Según él y con él nos hubiéramos ahorrado la guerra en Ucrania y cientos de miles de muertos, destrucción y daños económicos también para nosotros los europeos, con la excusa opuesta de «defender a Europa», aunque sea en realidad debilitándola y manteniéndola a merced de los grandes Estados Unidos de América. Sus deportaciones y repatriaciones no son diferentes a las practicadas por sus predecesores demócratas, aunque las ha hecho más espectaculares, para demostrar que está haciendo lo que sus votantes le pidieron. Donald Trump es realista y con crudo realismo propone nuevas soluciones que, por lo menos, a primera vista parecen las más desgarradoras y no se sabe si pueden ser una base concreta sobre la que luego razonar.

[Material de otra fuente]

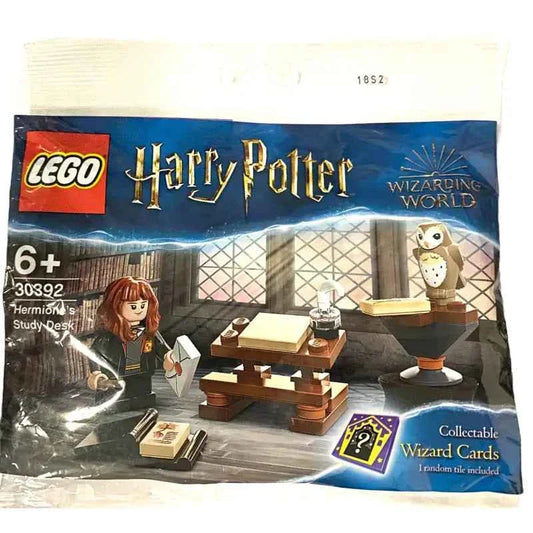 LEGO Harry Potter Hermines Study Desk Polybag 30392 - 1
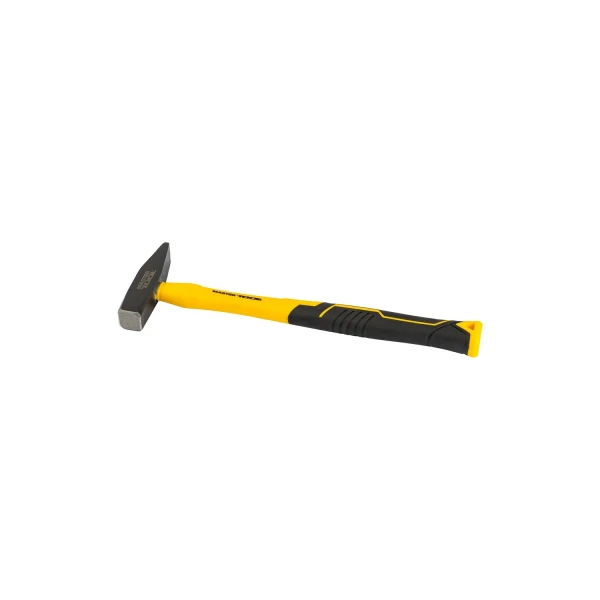 Молоток слюсарний MASTERTOOL 300 г HRC50 рукоятка фібергласова 290 мм 02-0903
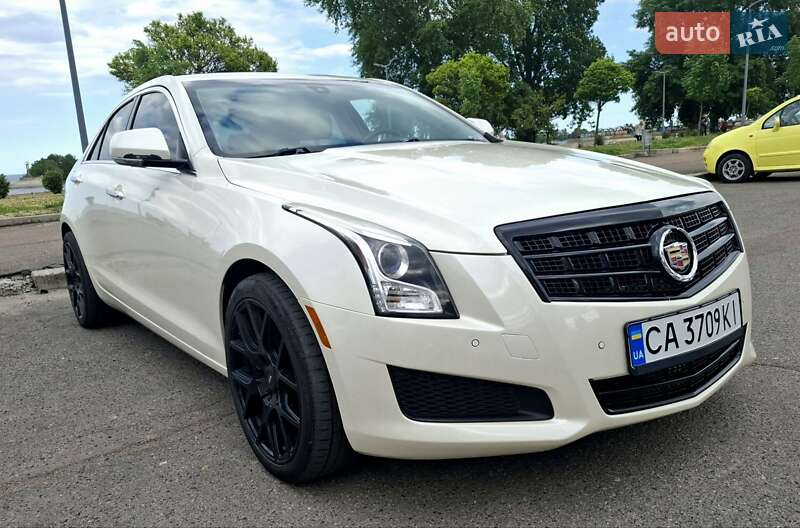 Cadillac Ats (2013)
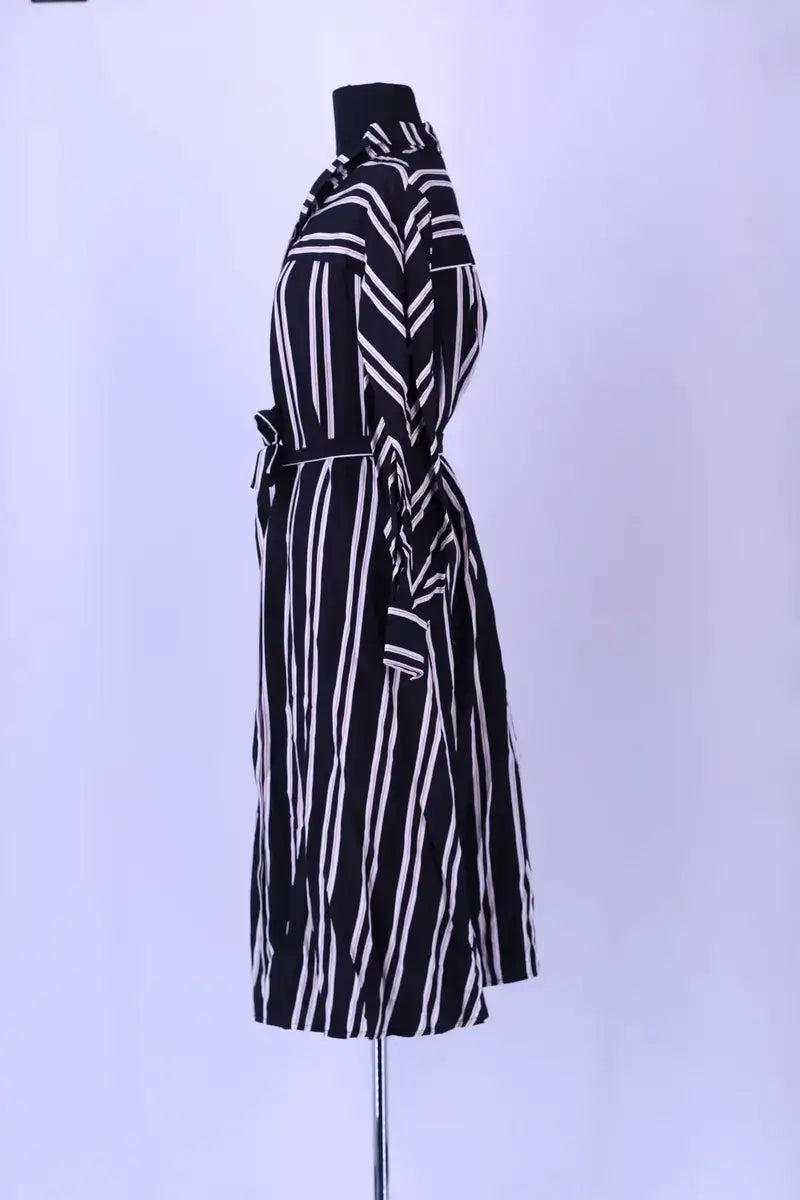 Robe Maje Noir en Viscose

Del Papa Francisco no llegan soluciones, sino vagos llamamientos y proclamas amables, buenistas..., a una fraternidad que realmente no se vislumbra realmente posible, por poner un ejemplo, entre los dos pueblos −palestinos e israelíes−. Los suyos suelen ser llamamientos que tienen análogo grado de eficacia al de aquella canción «parole, parole...». Tampoco me engaño: el mismo mensaje de la canción «Imagine» de John Lennon no deja de ser un pacifismo a ultranza tan irónico como irreal.

Donald Trump y Francisco apuestan en Estados Unidos de América en primer lugar, sobre todo, y a partir de ahí en todo lo demás, en tanto en cuanto haga más grande a los Estados Unidos de América. Y el Papa Francisco piensa en un planeta verde y en una fraternidad universal con una mirada más benévola hacia el tercer mundo o el cuarto mundo.

Entiendo que, llegados aquí, cada uno tenemos (y tenemos derecho a tener) nuestras filias y fobias, nuestras preferencias y nuestros vínculos geopolíticos, religiosos, etc.